Retiring DODDS-Europe high school coaches hold the plaques they received last month at Rheinblick Golf Course, near Wiesbaden, Germany. (Courtesy of Tom Richards)

Talk about a rebuilding job. DODDS-Europe has some big holes to fill in the coaching ranks.

Rich Bennett and Wes Sisson of Heidelberg, Burt Blank of Mannheim, Jack Dougan of Baumholder, Ted Marr of Ansbach and Ross Calvert, Mike Kennedy and Doug Sommer of Bitburg retired at the end of this school year, taking with them a total of 232 years of athletic experience in DODDS.

Most of those careers, an average of 27 years each, dated back to the heyday of DODDS sports in Europe. That was the Cold War era when nearly 60 high schools competed for titles. Those titles meant even more considering teams fielded players like of Mannheim’s Kevin Green, who went on to star in the NFL; Würzburg’s Mike Brown, who now coaches the Cleveland Cavaliers of the NBA; or Shaquille O’Neal, who as a 6-foot-9 freshman at Fulda caused jaws to drop.

All that changed with the 1990s drawdown that accompanied the West’s Cold War victory. Now, with only 32 DODDS schools competing, the talent pool isn’t nearly as deep.

“Frankfurt had 1,100 students and didn’t even count freshman, and Kaiserslautern had 1,800,” recalled Blank, who began his 16 years as head or assistant football coach for Mannheim in 1981 and also coached the Lady Bison basketball team for 12 years.

“We used to say in basketball that you had to have three good players to have a chance to win a championship. Now, if you have one good player, you’re in it.”

Bennett, who attended Heidelberg for four years and worked at Mannheim before returning to his alma mater in 1980 to coach volleyball, basketball and track, noticed the change, too.

“Back in the ’80s, we had two guys from Heidelberg go to the NFL (linebacker Ron George and quarterback Eric Zeier),” he said. “We had a lot more to choose from. If you look at the basketball team pictures, you’ll see a lot of tall guys in them.”

With less talent, the teams don’t measure up to the past, he added. “It’s not as competitive now,” he said. “Now, when you win a championship, it’s watered down.”

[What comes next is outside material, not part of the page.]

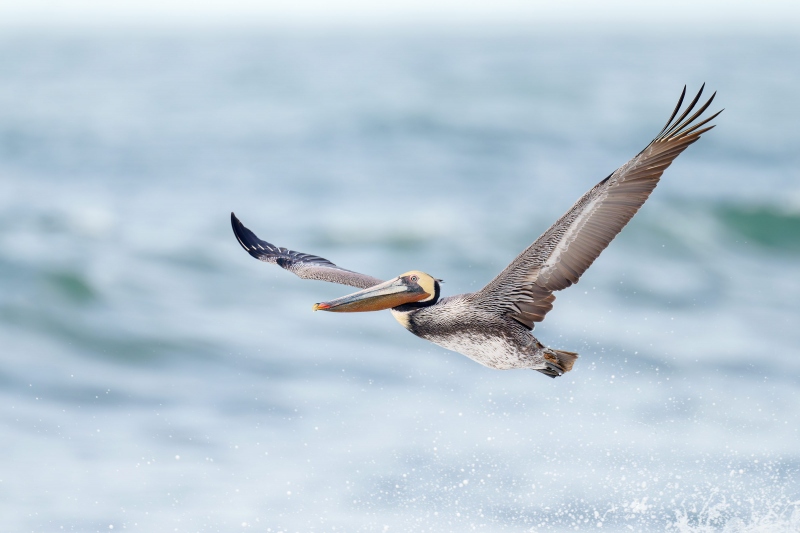 Brown-Pelican-3200-Pacific-race-sub-adult-in-flight-_A1G2524-La-Jolla-CA-Enhanced-NR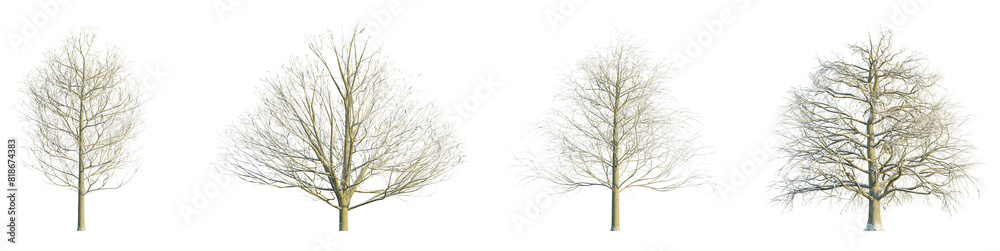 Obraz premium Fagus sylvatica winter 4k png cutout transparent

Added Marr, who coached boys basketball for 31 years at Ansbach, “As the schools got smaller, it became harder to maintain the program. Back then, we had to cut people and had large JV programs. As the enrollment shrank, we had to give up JV.”

Calvert, who coached football, wrestling and track at SHAPE, Incirlik, AFCENT (now AFNORTH) and Berlin before closing out his career at Bitburg as the Barons’ athletic director, noticed a change in attitude that further drained the talent pool.

“Kids have other interests,” he said. “Once you could dangle the prospect of wearing a letter jacket in front of a kid and he’d come out. Now, they don’t seem as interested in athletics.”

Even some of those who do participate are a different breed, said Heidelberg’s Sisson, who arrived to coach basketball and volleyball in 1978 and who has been athletic director for the Lions since 1993.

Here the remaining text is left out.